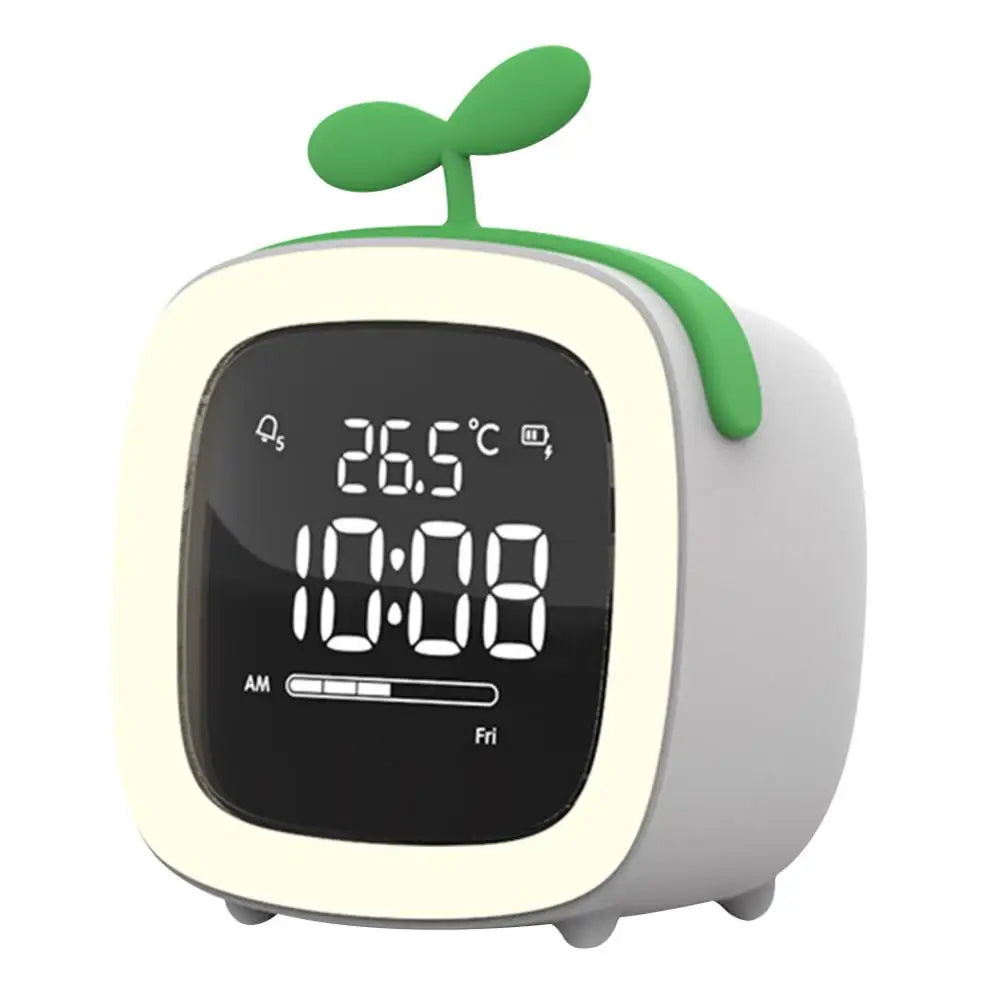 Cartoon Rabbit Deer Ear Alarm Clock Rechargeable Digital Display LED Nigh Light Table Clock Wall Clock Living Room LED Clock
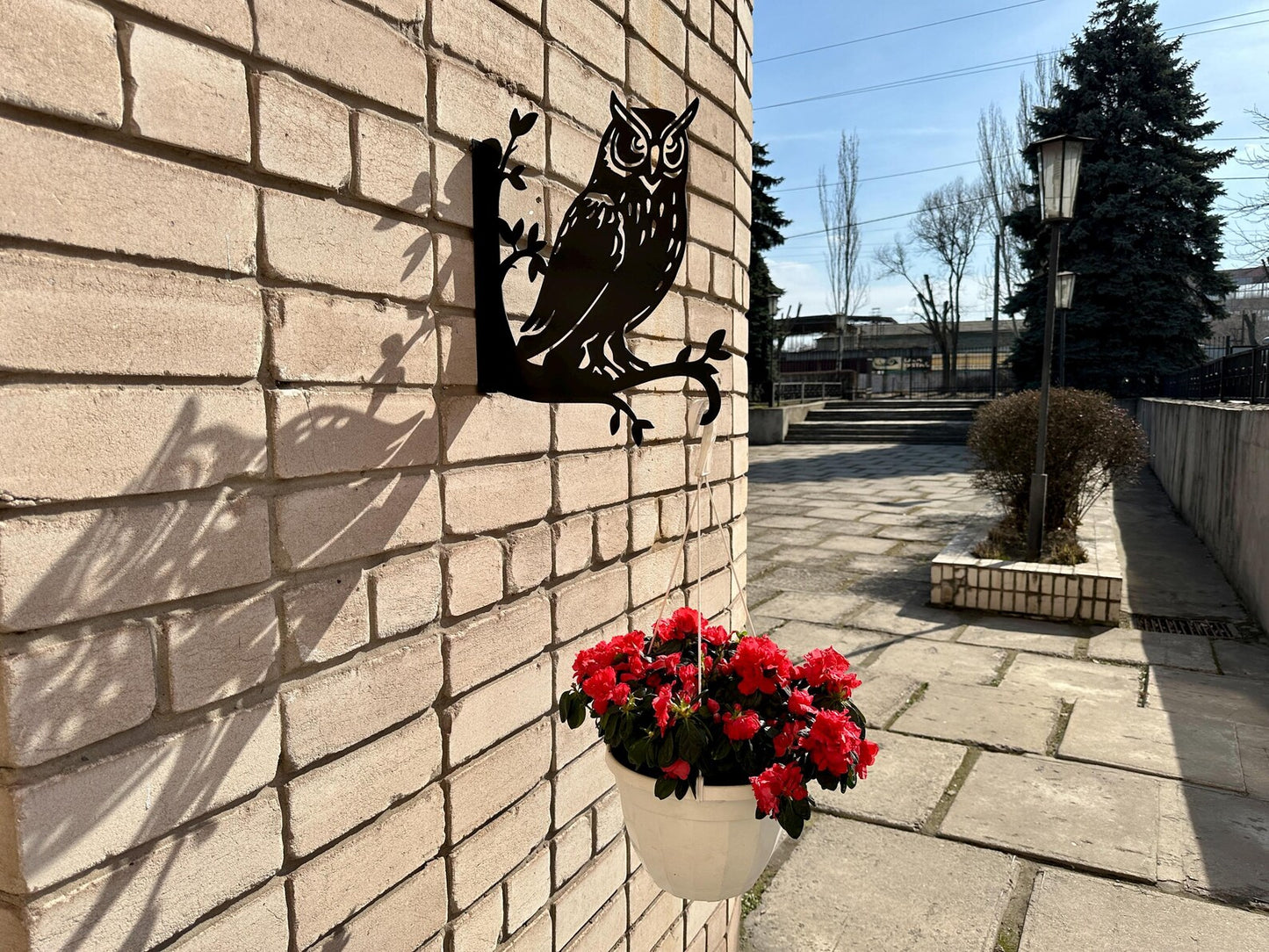 Karizma Baykuş Figürlü Çiçeklik Askı Metali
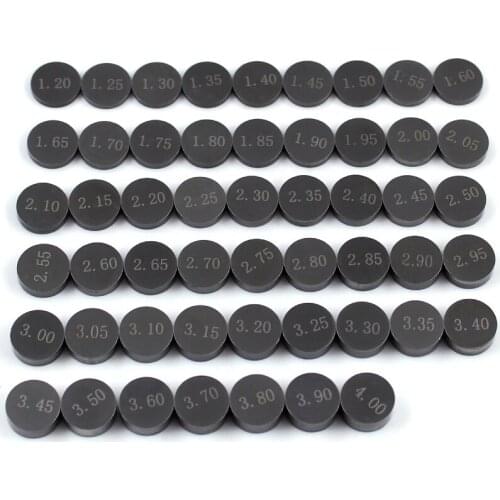 52pcs / 208pcs / 46pcs Motorcycle Engine Parts Adjustable Valve Shim 9.48mm Refill Kit For Honda TRX450ER Electric Starter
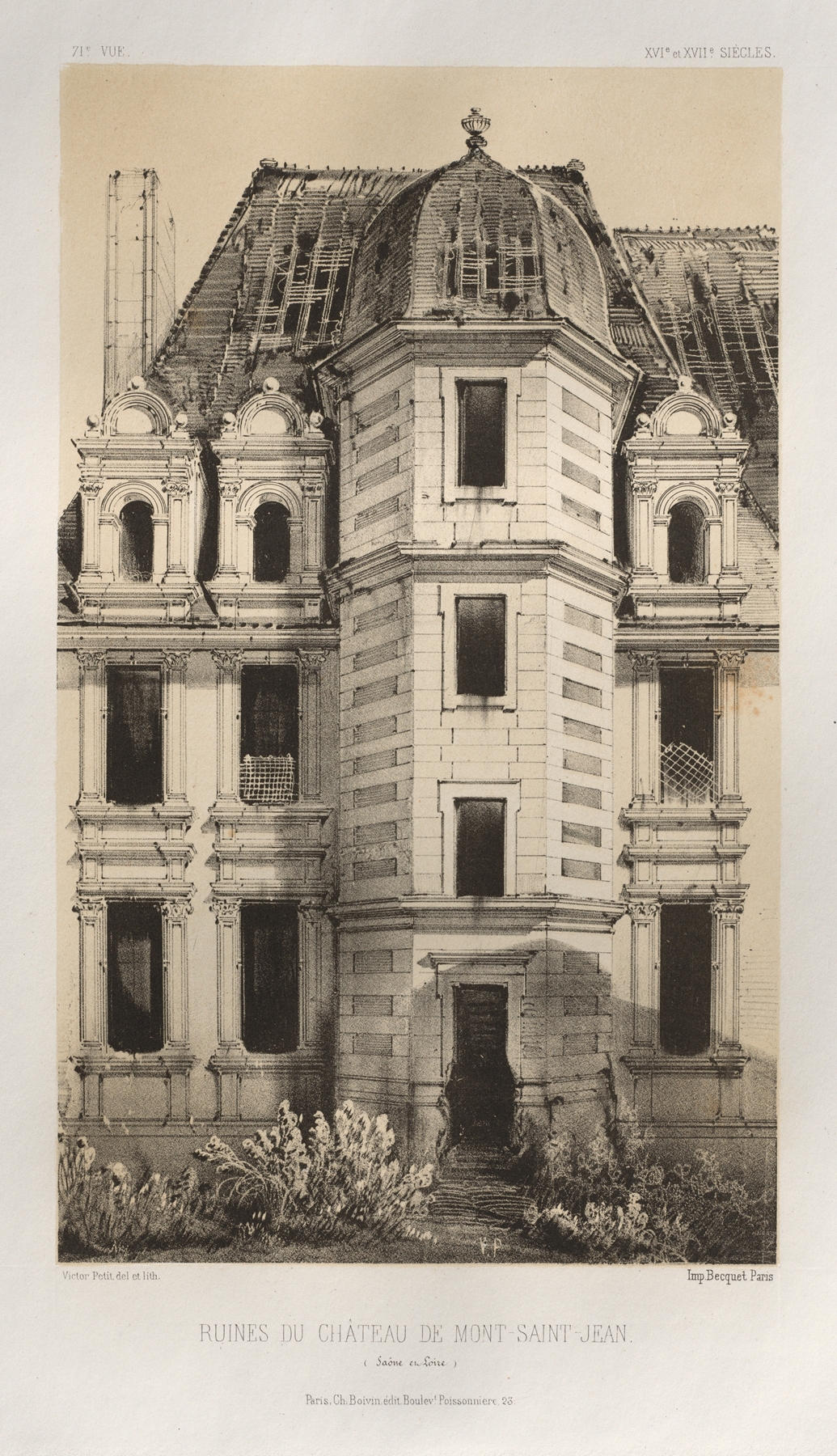 Ruines Du Château De Mont-Saint-Jean by Victor Petit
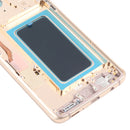 OLED Material LCD Screen and Digitizer Full Assembly with Frame for Samsung Galaxy S9+ SM-G965 (Gold)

________

▶ Directions for this task
Each line of the data should be quoted exactly, with pictures left out.

▶ Answer below
 Cartoon Rabbit Deer Ear Alarm Clock Rechargeable Digital Display LED Nigh Light Table Clock Wall Clock Living Room LED Clock
 Karizma Baykuş Figürlü Çiçeklik Askı Metali
 52pcs / 208pcs / 46pcs Motorcycle Engine Parts Adjustable Valve Shim 9.48mm Refill Kit For Honda TRX450ER Electric Starter
 Ruines Du Château De Mont-Saint-Jean by Victor Petit
 OLED Material LCD Screen and Digitizer Full Assembly with Frame for Samsung Galaxy S9+ SM-G965 (Gold)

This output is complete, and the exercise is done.